Sans grande surprise, Monsieur Lazhar est ressorti grand vainqueur de la 14e Soirée des Jutra en remportant pas moins de sept trophées. L'excellent film de Philippe Falardeau, qui avait déjà recueilli six prix Génie à Toronto il y a trois jours, a non seulement triomphé dans les trois catégories les plus prestigieuses (film, réalisation, scénario), mais il a aussi valu un laurier à deux de ses jeunes acteurs, Sophie Nélisse et Émilien Néron, dans les catégories des rôles de soutien. La partition musicale de Martin Léon fut aussi plébiscitée. Monsieur Lazhar s'est également distingué du côté technique dans la catégorie du son.
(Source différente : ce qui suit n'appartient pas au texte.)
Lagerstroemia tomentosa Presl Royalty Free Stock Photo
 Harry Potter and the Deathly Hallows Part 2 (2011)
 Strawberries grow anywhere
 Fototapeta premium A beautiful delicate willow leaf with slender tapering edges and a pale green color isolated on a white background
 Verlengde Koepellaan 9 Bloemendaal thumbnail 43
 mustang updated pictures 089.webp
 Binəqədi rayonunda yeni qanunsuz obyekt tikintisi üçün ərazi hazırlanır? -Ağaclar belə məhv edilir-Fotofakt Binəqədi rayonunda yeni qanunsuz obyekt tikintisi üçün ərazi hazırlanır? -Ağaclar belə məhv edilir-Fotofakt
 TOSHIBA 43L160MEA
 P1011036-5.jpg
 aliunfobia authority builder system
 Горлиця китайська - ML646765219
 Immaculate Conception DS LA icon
«Il y a cinq ou six ans, on me prenait pour le fils de Pierre; aujourd'hui, dans la rue, on me dit "bonjour, M. Villeneuve"; peut-être que demain, on va enfin me dire "félicitations, Monsieur Lazhar"!», a déclaré Philippe Falardeau avec son humour habituel. Au cours de la soirée, il a aussi marqué sa reconnaissance envers La course destination monde, pendant laquelle il a trouvé sa vocation de réalisateur.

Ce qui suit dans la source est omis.